Leave every picture out and print exactly the lines that run from the one containing "Israeli army expands" to the end of the listing.

++++++++++

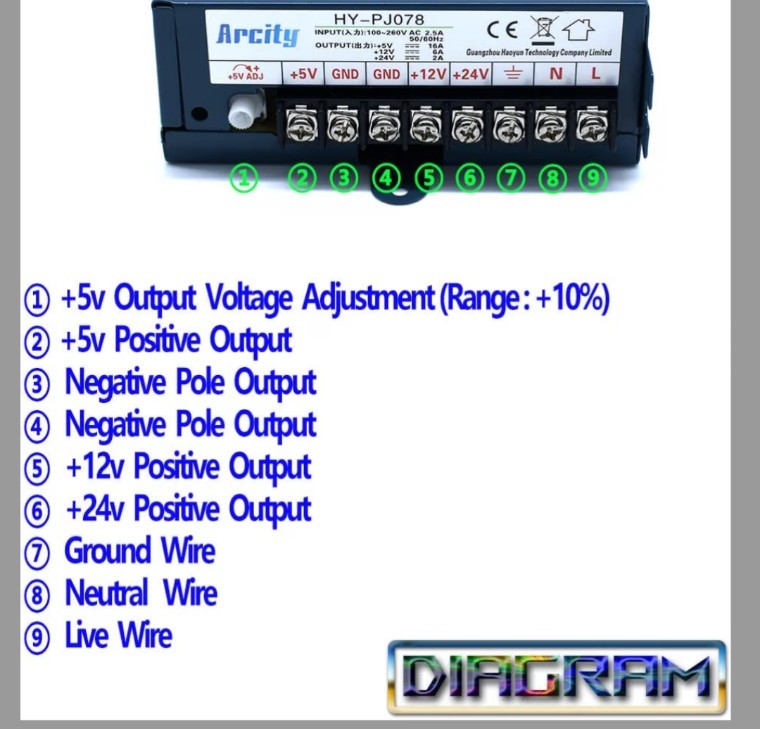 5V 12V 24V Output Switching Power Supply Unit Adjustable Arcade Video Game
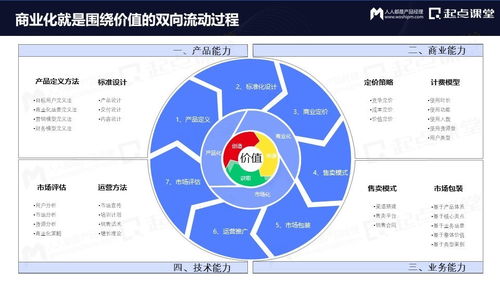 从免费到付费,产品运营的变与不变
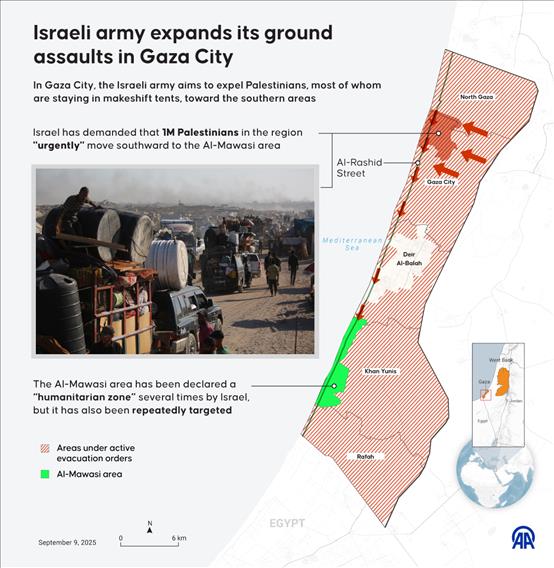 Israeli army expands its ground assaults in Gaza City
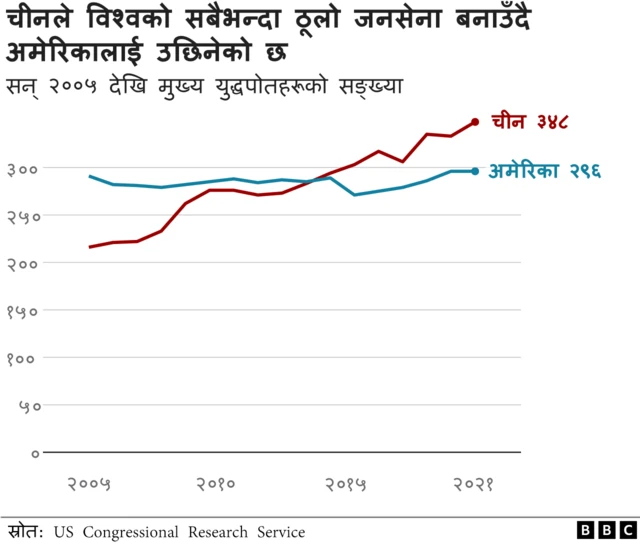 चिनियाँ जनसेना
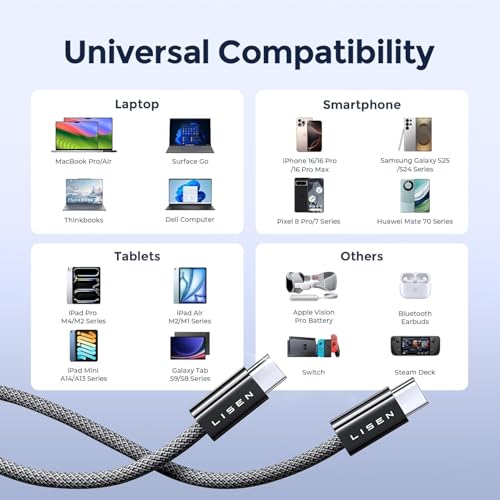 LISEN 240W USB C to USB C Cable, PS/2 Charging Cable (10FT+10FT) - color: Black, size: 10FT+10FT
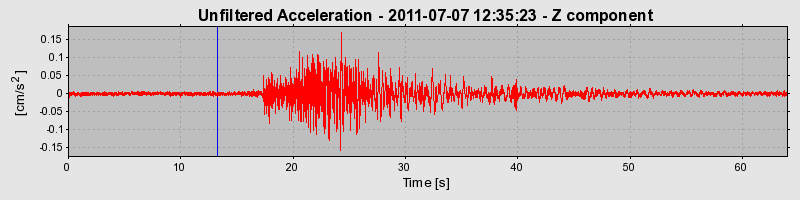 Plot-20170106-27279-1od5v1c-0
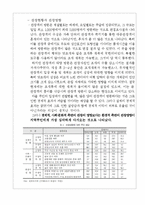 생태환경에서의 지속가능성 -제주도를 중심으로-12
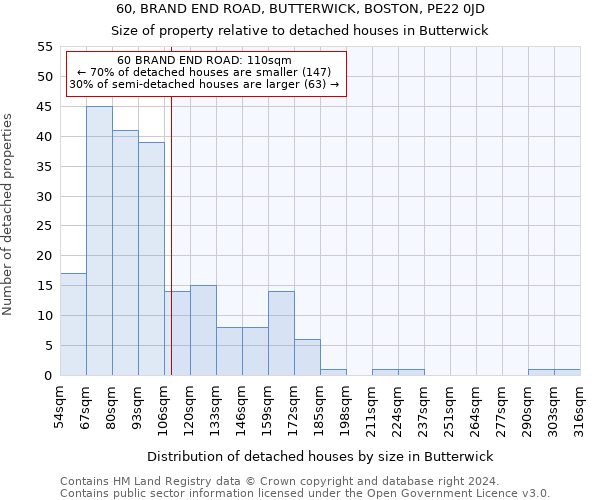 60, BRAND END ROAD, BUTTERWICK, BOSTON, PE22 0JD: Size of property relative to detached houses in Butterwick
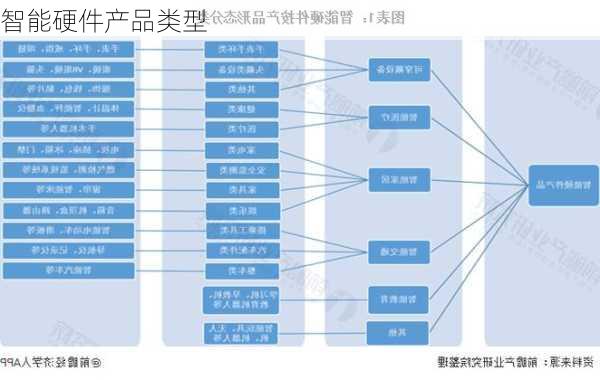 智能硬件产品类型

++++++++++

**Your solution:**
 Israeli army expands its ground assaults in Gaza City
 चिनियाँ जनसेना
 LISEN 240W USB C to USB C Cable, PS/2 Charging Cable (10FT+10FT) - color: Black, size: 10FT+10FT
 Plot-20170106-27279-1od5v1c-0
 생태환경에서의 지속가능성 -제주도를 중심으로-12
 60, BRAND END ROAD, BUTTERWICK, BOSTON, PE22 0JD: Size of property relative to detached houses in Butterwick
 智能硬件产品类型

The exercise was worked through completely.